• EXERCISE: Reproduce only the lines of the material below that start at the line containing "Carteira com Fecho Magnetico Imã Slim RFID 2" and stop at the line containing "Koszulka Piłkarska FC". Keep both end lines.

----- DATA TO PROCESS

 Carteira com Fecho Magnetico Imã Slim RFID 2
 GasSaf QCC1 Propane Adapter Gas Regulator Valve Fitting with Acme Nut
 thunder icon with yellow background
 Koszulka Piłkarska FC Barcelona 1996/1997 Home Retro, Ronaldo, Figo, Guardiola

----------
----- DATA TO PROCESS

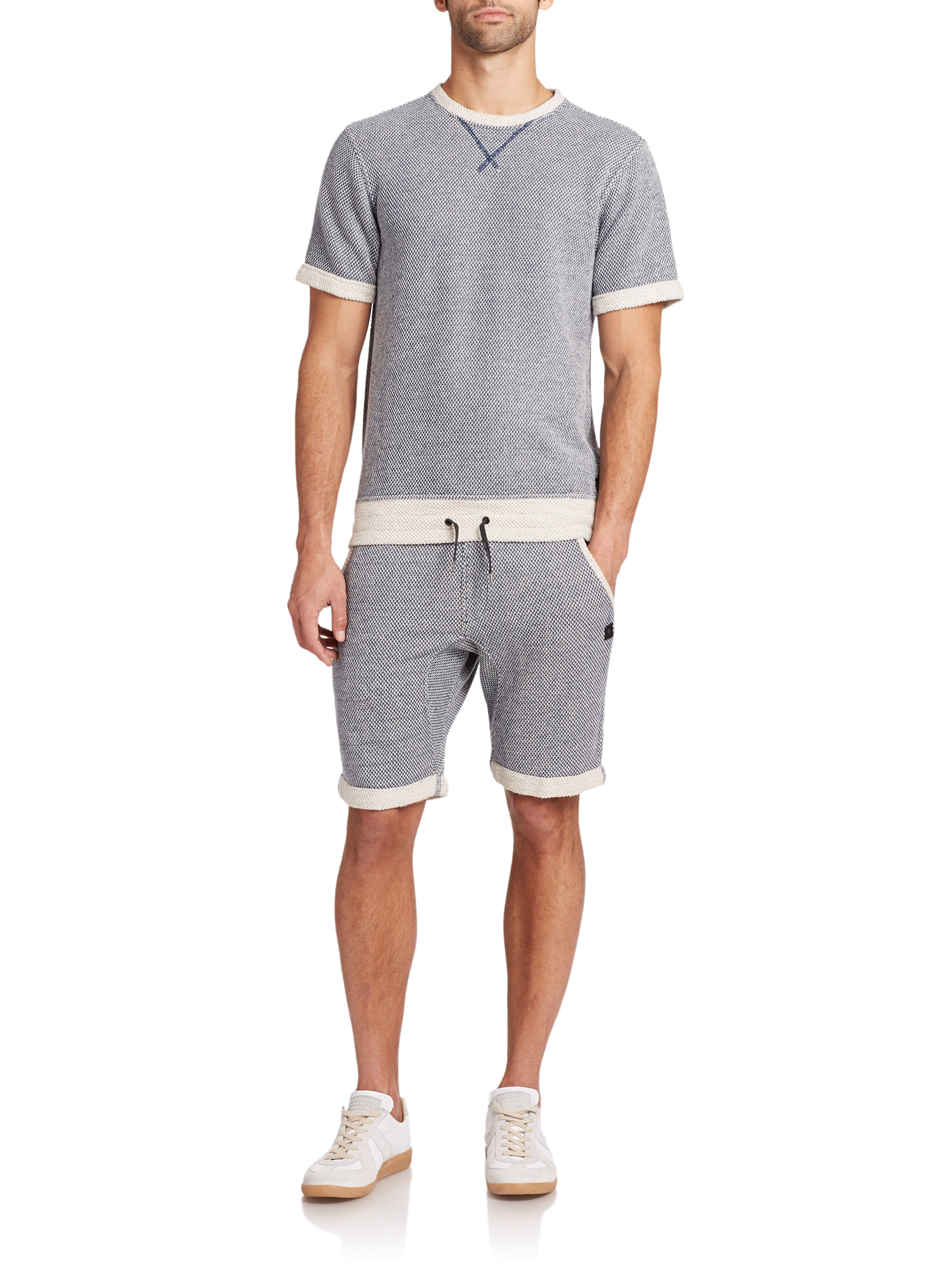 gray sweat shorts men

----------
----- DATA TO PROCESS

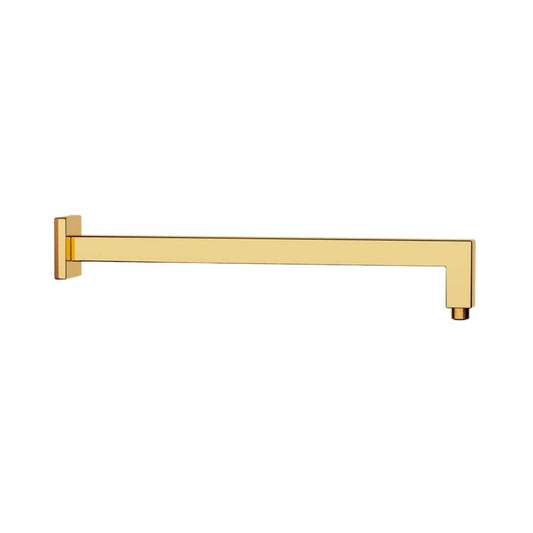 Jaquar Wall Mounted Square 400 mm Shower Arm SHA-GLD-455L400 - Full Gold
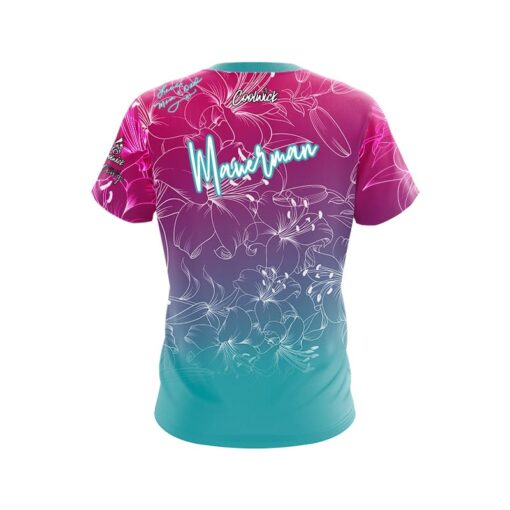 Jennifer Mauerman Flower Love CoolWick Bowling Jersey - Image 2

----------

• WRITTEN RESPONSE:
 Carteira com Fecho Magnetico Imã Slim RFID 2
 GasSaf QCC1 Propane Adapter Gas Regulator Valve Fitting with Acme Nut
 thunder icon with yellow background
 Koszulka Piłkarska FC Barcelona 1996/1997 Home Retro, Ronaldo, Figo, Guardiola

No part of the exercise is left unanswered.